Any other usage of the term in an Agile software development context is a redefinition of the term. Agile velocity doesn’t refer to how fast a team works. It’s not even the count of items completed in an iteration (that could be throughput). It how much of our effort estimates did we complete in an iteration. No more, no less. That simple.
As the Agile Alliance article makes clear, velocity is primarily a planning instrument. Carefully read the article as it provides a pretty good explanation of the purpose of velocity and what it should be used for. Pay attention to the common pitfalls as well.
(However I must point out that many Agile teams effectively forecast and plan without using velocity. Stated differently, velocity is not a requirement for forecasting and planning.)
But maybe you still think that we should be able to use velocity to gauge how productive our team is. Maybe the information presented so far is not convincing enough for you. In that case, let’s take a moment to dissect what it means for a team to increase its velocity.
If velocity is the sum of our effort estimates, increasing our velocity would mean that we have to increase the sum of our effort estimates completed. On the surface, it may seem that this would be easy to do.
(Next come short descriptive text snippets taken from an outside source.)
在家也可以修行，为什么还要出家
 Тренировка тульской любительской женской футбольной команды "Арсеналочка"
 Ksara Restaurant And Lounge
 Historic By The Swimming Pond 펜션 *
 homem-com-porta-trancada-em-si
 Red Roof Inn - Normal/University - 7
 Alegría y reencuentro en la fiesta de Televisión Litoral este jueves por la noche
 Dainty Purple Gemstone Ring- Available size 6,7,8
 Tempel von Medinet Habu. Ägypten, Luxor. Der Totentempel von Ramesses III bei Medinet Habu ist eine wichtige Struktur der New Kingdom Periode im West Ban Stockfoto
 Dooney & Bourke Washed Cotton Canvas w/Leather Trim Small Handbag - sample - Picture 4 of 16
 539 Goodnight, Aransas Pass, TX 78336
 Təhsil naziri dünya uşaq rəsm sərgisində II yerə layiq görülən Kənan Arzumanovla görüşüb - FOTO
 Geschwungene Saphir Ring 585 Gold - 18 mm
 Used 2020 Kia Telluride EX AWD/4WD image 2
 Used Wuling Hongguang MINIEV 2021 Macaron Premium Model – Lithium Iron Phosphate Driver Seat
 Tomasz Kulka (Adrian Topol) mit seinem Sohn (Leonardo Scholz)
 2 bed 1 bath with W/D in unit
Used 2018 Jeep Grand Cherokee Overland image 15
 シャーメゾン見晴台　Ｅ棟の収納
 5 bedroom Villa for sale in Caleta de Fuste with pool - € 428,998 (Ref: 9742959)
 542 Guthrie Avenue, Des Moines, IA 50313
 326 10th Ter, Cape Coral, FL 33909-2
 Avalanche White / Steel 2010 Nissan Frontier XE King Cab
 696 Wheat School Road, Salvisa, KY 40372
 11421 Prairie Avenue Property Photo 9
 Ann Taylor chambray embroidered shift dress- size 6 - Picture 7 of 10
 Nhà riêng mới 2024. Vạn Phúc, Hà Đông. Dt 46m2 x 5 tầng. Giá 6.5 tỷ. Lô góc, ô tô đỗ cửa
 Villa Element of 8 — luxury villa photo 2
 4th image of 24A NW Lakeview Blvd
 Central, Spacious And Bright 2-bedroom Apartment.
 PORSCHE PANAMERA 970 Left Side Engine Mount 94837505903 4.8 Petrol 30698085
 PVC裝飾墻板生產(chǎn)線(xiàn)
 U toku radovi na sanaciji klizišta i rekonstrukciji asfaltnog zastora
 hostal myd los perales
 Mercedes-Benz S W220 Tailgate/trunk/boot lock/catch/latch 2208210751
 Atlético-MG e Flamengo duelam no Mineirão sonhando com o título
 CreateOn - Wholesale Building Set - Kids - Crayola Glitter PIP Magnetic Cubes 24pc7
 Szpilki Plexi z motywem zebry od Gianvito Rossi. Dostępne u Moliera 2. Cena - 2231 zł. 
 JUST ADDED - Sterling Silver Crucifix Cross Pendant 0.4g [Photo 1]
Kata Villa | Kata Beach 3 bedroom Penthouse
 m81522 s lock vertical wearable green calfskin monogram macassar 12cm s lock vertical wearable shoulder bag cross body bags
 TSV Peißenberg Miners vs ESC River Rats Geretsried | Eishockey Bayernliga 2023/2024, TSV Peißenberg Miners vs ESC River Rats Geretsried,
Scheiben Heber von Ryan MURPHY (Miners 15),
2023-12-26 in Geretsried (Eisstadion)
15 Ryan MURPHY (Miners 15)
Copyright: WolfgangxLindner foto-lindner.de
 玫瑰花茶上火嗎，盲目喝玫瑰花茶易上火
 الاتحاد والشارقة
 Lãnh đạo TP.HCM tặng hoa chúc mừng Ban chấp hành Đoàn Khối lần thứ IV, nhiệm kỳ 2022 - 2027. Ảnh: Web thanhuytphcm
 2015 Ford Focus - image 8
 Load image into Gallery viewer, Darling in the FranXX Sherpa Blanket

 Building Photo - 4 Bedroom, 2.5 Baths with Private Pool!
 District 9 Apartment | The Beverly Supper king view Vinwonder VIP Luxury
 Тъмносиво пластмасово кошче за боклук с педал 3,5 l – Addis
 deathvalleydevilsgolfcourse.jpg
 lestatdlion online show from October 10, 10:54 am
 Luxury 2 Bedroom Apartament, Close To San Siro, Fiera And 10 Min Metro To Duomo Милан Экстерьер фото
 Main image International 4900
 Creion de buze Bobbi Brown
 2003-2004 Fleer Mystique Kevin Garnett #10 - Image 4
All a team has to do is increase the number of items it completes and their velocity will increase. However, completing more items doesn’t assure us of a velocity increase because we can’t assume that our estimates are the same or larger than our estimates for previous iterations. In fact they could be smaller and our velocity could actually decrease and yet it would be a good thing!
For example, let’s assume a team had a velocity of 20 points in Iteration 1, which meant they completed 4 stories each estimated at 5 points. Then in Iteration 2, they had a velocity of 18 points after completing 6 stories, which were estimated at 3 points each. Were they less productive in Iteration 2 because their velocity went down? What if they completed 7 stories in Iteration 3 and each of those stories has an estimate of 1 point? Are they still less productive? How do we know?
Don’t forget that velocity is calculated using “effort estimates”. Estimates are subject to many factors that I won’t get into in this article and yet its important to remind ourselves that each iteration the team is solving problems they have never solved before. The team effort estimates could go up due uncertainty and complexity and it would have nothing to do with how productive they are.
Determining how productive a team is based on how much of their “effort estimates” they complete totally misses the point. I think Deming would refer to this as management malpractice. It’s that bad.
And yet teams can easily increase their velocity. In fact, it’s not hard at all. All they need to do is make their effort estimates larger. I’ve seen many teams do this in my career. I’m not sure your organization really wants that. Riffing off of Goldratt:
Tell me how you’ll measure me and I’ll show you how I’ll behave.
So encouraging teams to increase their velocity is simply something organizations that are intentionally adopting Agile should not be doing especially if they don’t want their teams to game the system. I will go further to suggest that using velocity to determine predictability (in the small) is in serious danger of missing the point of velocity as well. There are there better ways to do this and I will be addressing that point as I finish my series on predictability. If you missed the first two posts, check out Part I and Part II.
After all this talk on velocity, I am moved to remind us that the primary measure of progress for an Agile team (and organization) is the amount of software that has been delivered to users and that the users find valuable. All other measures are secondary and tertiary. Velocity can be used to help forecast and plan (and there are possibly better alternatives to it) but let’s not use velocity as a measure of productivity. If you must use velocity, use it responsibly.